Automation: Automatic feeding and watering. Automatic lighting and temperature control. Automatic waste removal. Automatic everything. The factory farm is controlled by electronic circuits. The conventional farm has as much automation as any factory you’d see on an episode of How It’s Made.
Consolidation & Control: “During the past 30 years the number of hog farms in the United States dropped from 650,000 to 71,000, yet the number of hogs remains almost the same.” via NRDC. Four enormous corporations produce 80% of the beef in America. Consolidation is the name of the livestock game nowadays. Chipotle’s commercial showed a small family farm being transformed into a large CAFO. This is very historically accurate. Consolidation under centralized control certainly sounds like factory farming to me.
Factory Waste: A lot of non-animal factories produce hazardous waste. So, you’d expect a farm described as a factory to produce hazardous waste too, right? YEP! Hog farms keep this waste in enormous lagoons next to the hog buildings. Waste produced from hog CAFOs is quite toxic…but the factory farms will dispute this. Here’s a lovely rebuttal, “Large hog farms emit hydrogen sulfide, a gas that most often causes flu-like symptoms in humans, but at high concentrations can lead to brain damage.
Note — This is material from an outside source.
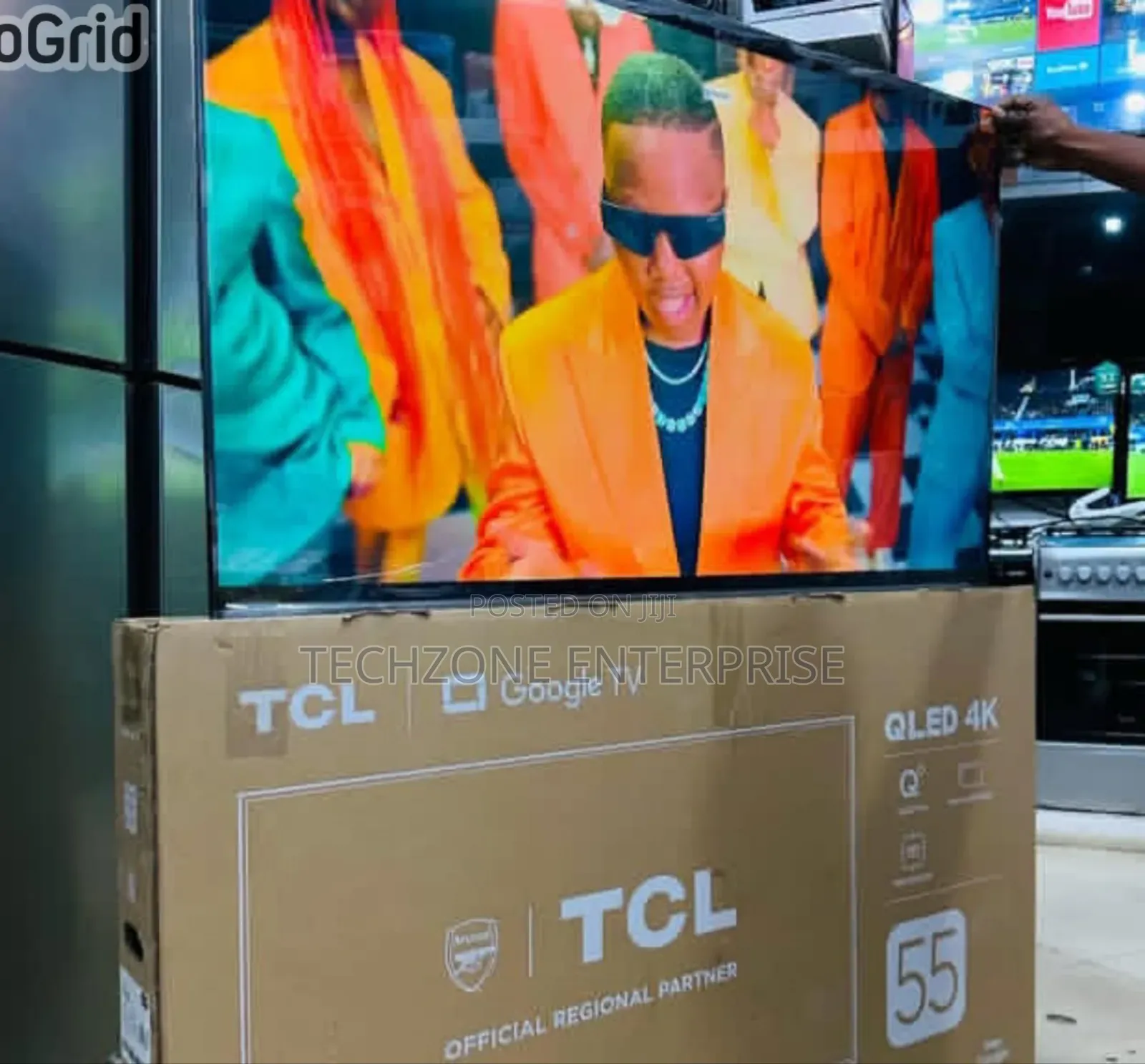 TCL 55′′ 55t6c Qled Smart Slim Tv (New Model 2025)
In 1998, the National Institute of Health reported that 19 people died as a result of hydrogen sulfide emissions from manure pits.” via NRDC. Sometimes this hazardous waste gets out of the lagoons and contaminates the environment in a dramatic way…exhibit A is Hurricane Floyd in North Carolina. You can learn all about factory farm waste here.
Lack of Individuality: Dictionary.com says a factory is “any place producing a uniform product, without concern for individuality.” This doesn’t mean that animals are not cared for medically on an individual basis as needed. Far from it. Where I see “without concern for individuality” at work is how we respect the nature of the animals we’re raising. Factory farms put chickens in battery cages about the size of a piece of paper for their entire life. Hogs are raised on concrete or plastic slatted floors inside metal barns. You get the picture. Factory farms don’t allow a chicken to express its chicken-ness as Joel Salatin would say. Factory farms don’t allow the hog to express its pig-ness. This is an insult to the individuality of the animals you are raising. At a non-factory pasture based farm like Polyface Farms in Virginia the animals can express their “ness” in every sense of the word.
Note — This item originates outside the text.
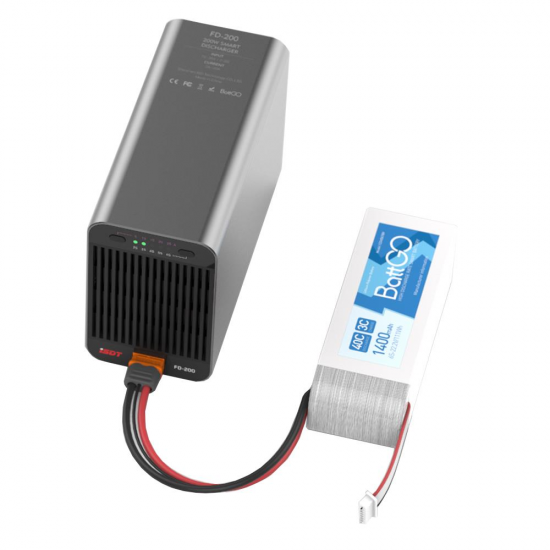 ISDT FD-200 200W 25A Wireless APP Control Discharger for 2-8S Lipo Battery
Conclusion: I could continue writing ad nauseum…but I’ll spare you. I haven’t even begun to address the remaining reasons why factory farming is unsustainable and not good for animals, consumers, the environment and workers all across the food chain. With today’s farm you have to ask yourself one question: what is the principle concern? Today, it is unequivocally how can we produce the most for the cheapest price. That, ladies and gentleman, is called a factory mindset. That’s why factory farming is an apt name. A CAFO is not a factory in the sense of a Ford or Toyota auto plant. But it is very factory-esque because the priorities are density of production, low cost, consolidation and automation. So, once again, is factory farming an appropriate name? Absolutely.